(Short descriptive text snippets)
※

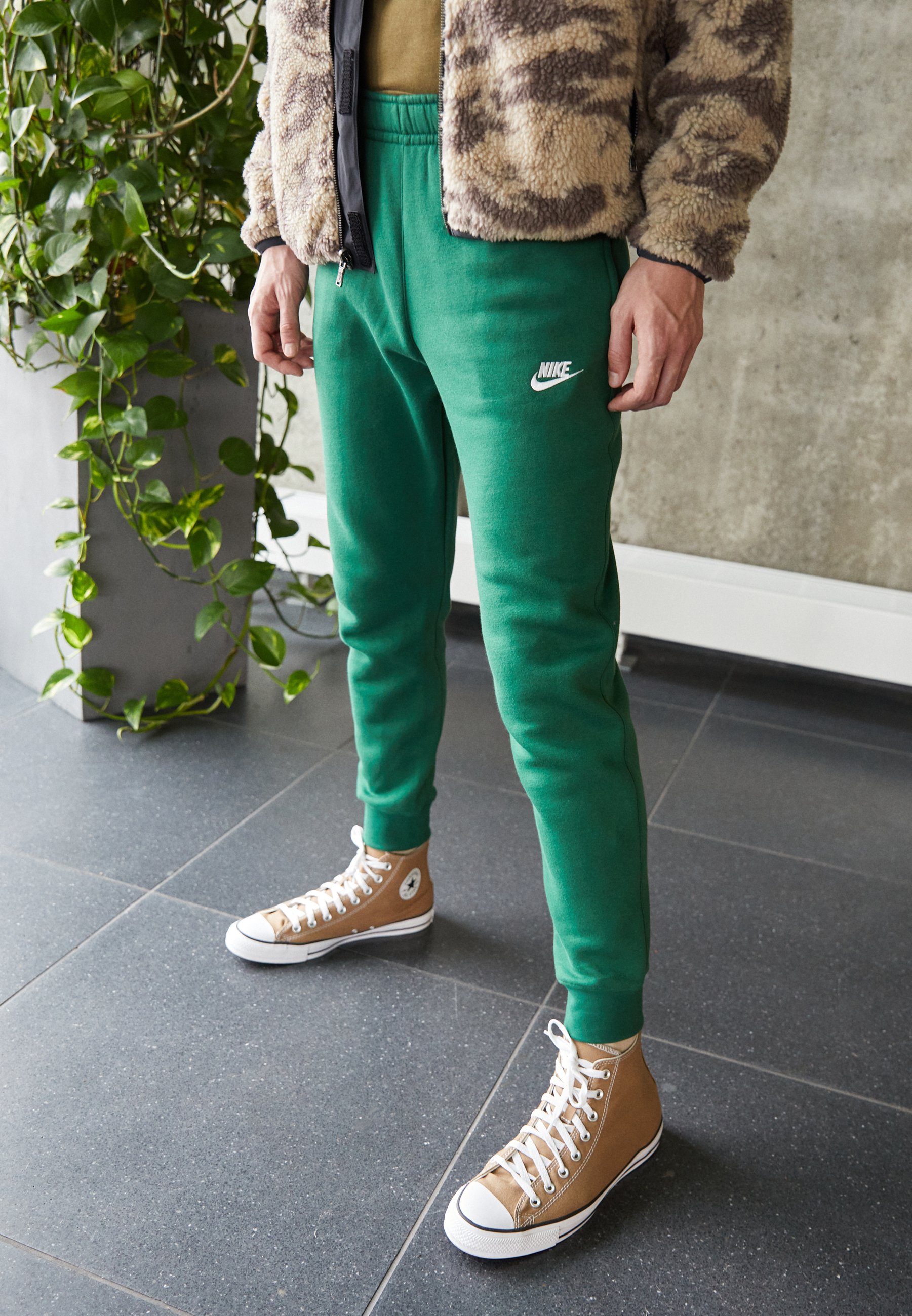 nike club jogger fuselé en polaire vert effet huilé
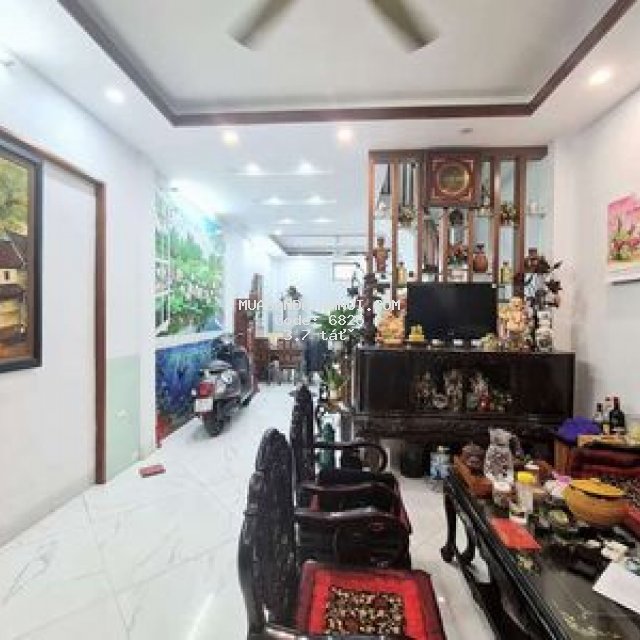 Bán nhà ngõ 54 ngọc hồi 60m2 ô tô tránh 5m.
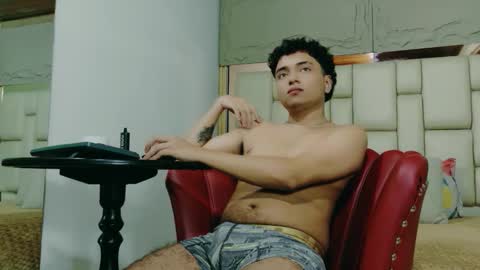 CamilowhiteS online show from March 2026 08:45:01 PM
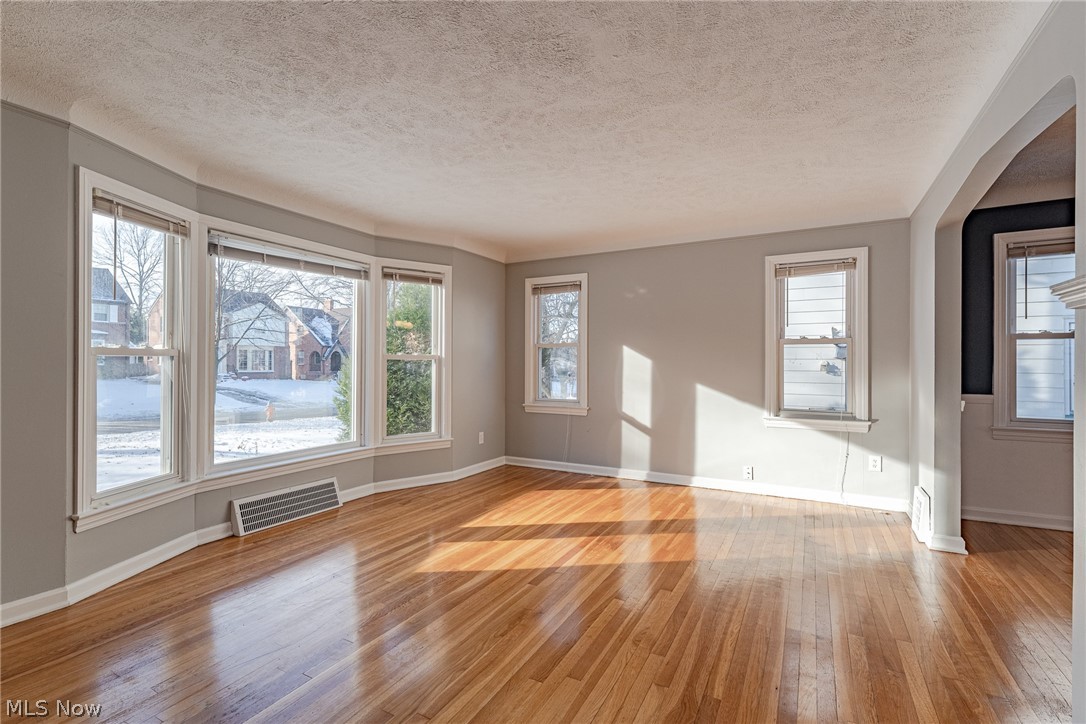 3549 Boynton Road Cleveland Heights, OH 44121 - Photo 6 of 32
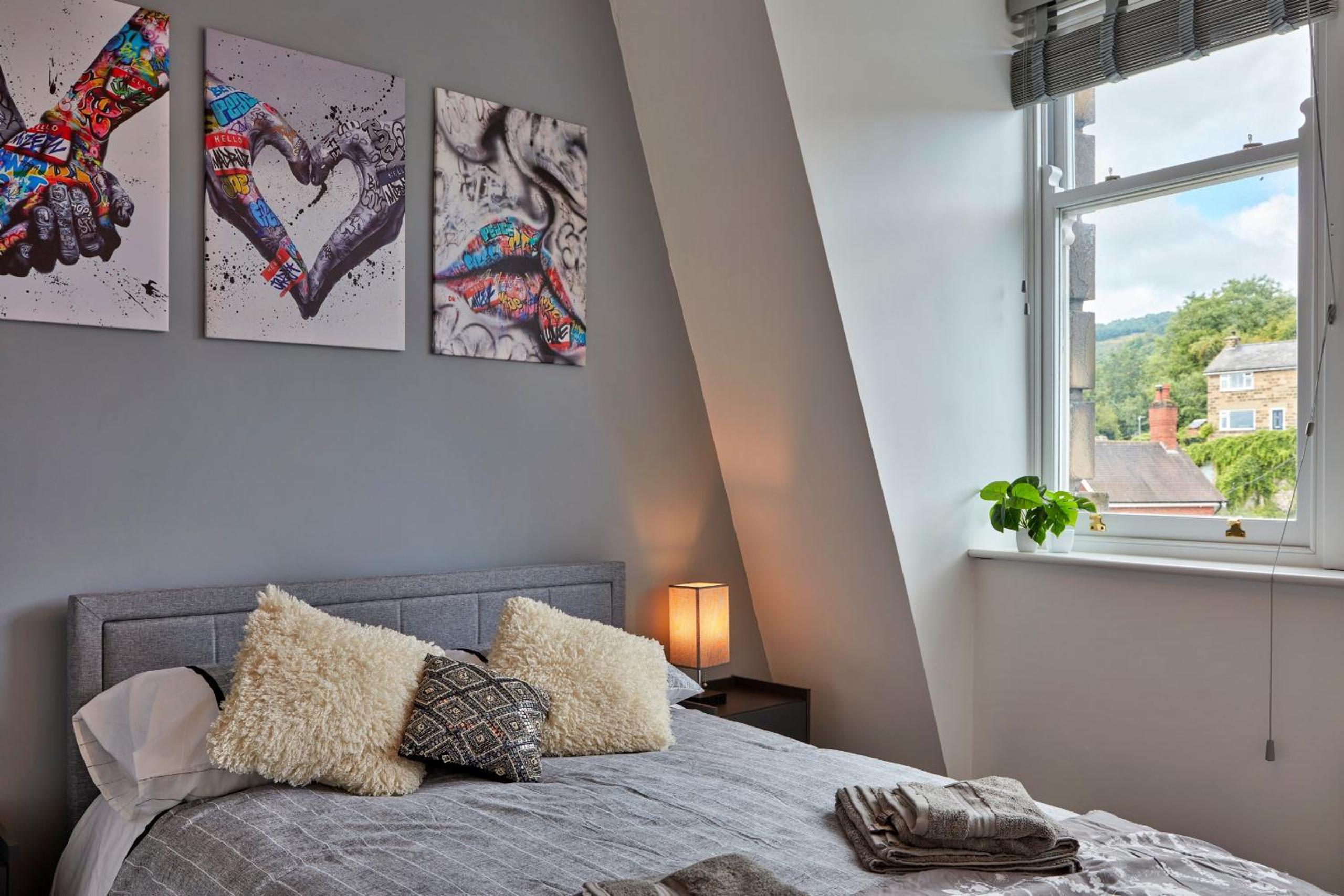 Finest Retreats - Shakys Penthouse view 3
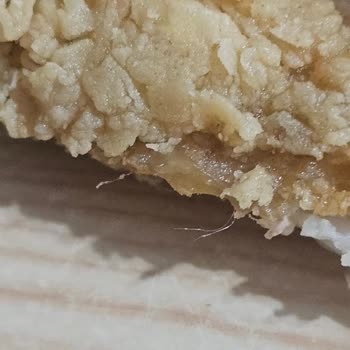 Popeyes Şubesinde Tavuk Kanadında Hijyen İhlali Ve İade Talebi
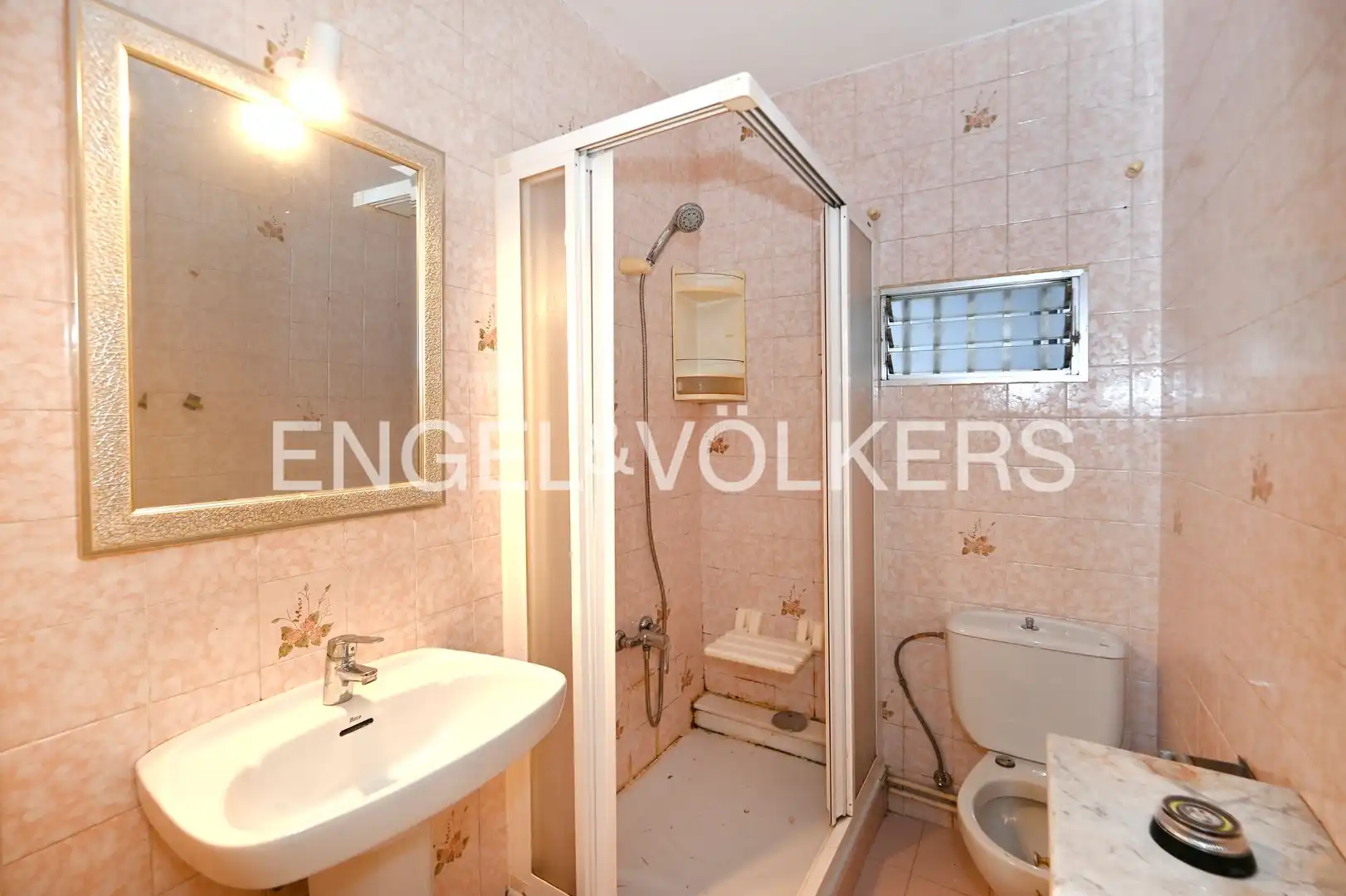 Baño de Piso en venta en Santander con Calefacción
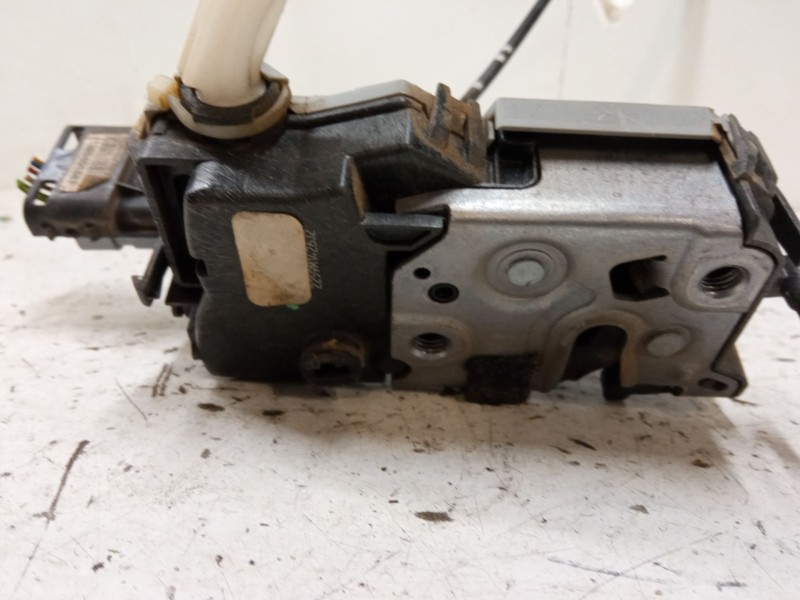 Recambio de cerradura puerta trasera izquierda para peugeot 3008 i monospace (0u_) 1.6 vti referencia OEM IAM   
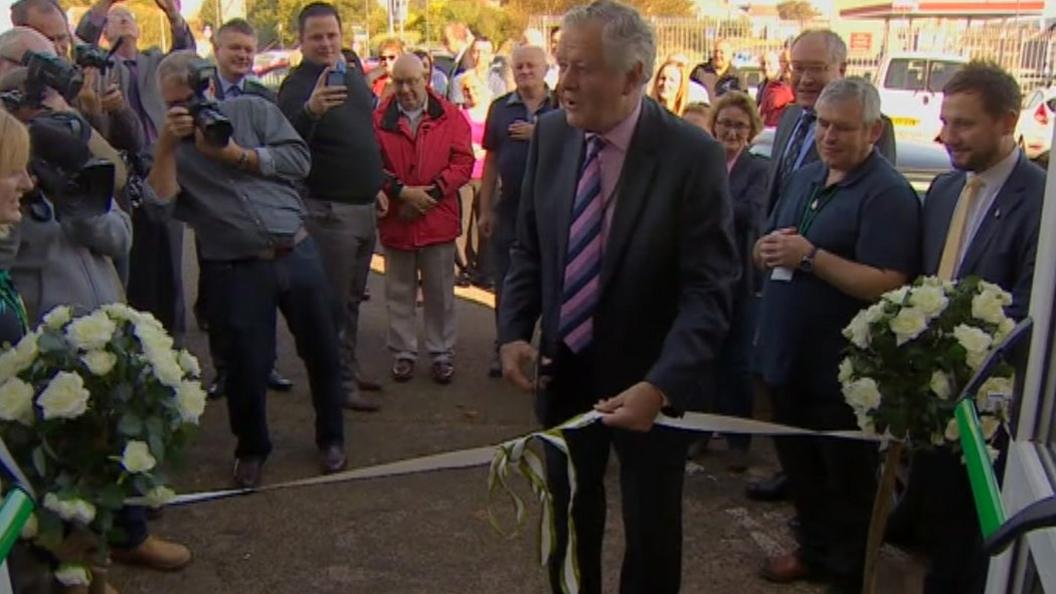 Ribbon cut at opening ceremony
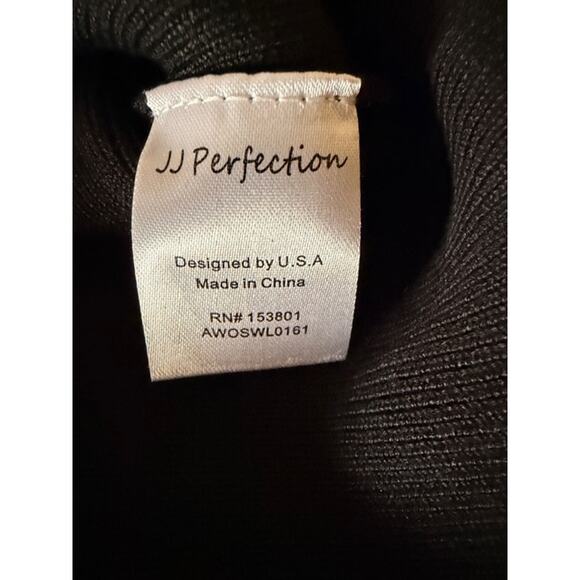 JJ Perfection Black Turtleneck Sweater – Size Large - Picture 5 of 6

※

◆ WORK REQUEST
Starting with the line that has "Finest Retreats - Shakys Penthouse view 3" and ending with the last line of the records, retype every line exactly and only those lines. Do not include the pictures.

◆ FINISHED TASK
 Finest Retreats - Shakys Penthouse view 3
 Popeyes Şubesinde Tavuk Kanadında Hijyen İhlali Ve İade Talebi
 Baño de Piso en venta en Santander con Calefacción
 Recambio de cerradura puerta trasera izquierda para peugeot 3008 i monospace (0u_) 1.6 vti referencia OEM IAM   
 Ribbon cut at opening ceremony
 JJ Perfection Black Turtleneck Sweater – Size Large - Picture 5 of 6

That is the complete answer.